About this task -> Scan the records for "from". Report each line that includes it.

** Records shown follows **

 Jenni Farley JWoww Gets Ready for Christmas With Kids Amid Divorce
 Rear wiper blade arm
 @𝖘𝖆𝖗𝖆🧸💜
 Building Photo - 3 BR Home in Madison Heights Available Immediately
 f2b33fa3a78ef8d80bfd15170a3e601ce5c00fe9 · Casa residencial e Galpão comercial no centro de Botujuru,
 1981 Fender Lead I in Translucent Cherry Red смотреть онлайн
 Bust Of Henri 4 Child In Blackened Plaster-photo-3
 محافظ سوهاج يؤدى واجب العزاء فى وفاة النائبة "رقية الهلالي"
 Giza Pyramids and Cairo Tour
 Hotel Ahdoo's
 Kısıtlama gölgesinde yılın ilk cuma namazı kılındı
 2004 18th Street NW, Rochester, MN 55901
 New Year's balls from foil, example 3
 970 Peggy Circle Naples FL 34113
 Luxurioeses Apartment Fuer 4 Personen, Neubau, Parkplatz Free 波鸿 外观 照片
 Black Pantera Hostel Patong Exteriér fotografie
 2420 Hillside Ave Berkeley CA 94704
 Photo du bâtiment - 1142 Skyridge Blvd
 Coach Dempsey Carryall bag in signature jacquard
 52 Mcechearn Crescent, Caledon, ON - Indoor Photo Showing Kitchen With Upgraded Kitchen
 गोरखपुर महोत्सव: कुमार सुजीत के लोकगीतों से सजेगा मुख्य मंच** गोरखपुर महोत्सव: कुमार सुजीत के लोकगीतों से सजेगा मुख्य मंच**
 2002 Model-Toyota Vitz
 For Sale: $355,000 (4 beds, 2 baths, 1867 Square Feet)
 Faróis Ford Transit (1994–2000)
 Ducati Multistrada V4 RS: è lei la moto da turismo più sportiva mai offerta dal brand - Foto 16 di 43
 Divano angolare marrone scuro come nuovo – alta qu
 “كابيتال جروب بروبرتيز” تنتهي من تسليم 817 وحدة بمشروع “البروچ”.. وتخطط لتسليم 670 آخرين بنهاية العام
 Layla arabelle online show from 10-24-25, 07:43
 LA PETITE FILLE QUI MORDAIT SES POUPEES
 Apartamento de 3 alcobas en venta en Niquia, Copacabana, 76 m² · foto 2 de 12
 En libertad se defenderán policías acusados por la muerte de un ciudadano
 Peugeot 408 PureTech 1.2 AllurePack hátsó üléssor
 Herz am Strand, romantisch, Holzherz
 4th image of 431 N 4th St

** End of Records shown **

Solved problem ->
 New Year's balls from foil, example 3
 Layla arabelle online show from 10-24-25, 07:43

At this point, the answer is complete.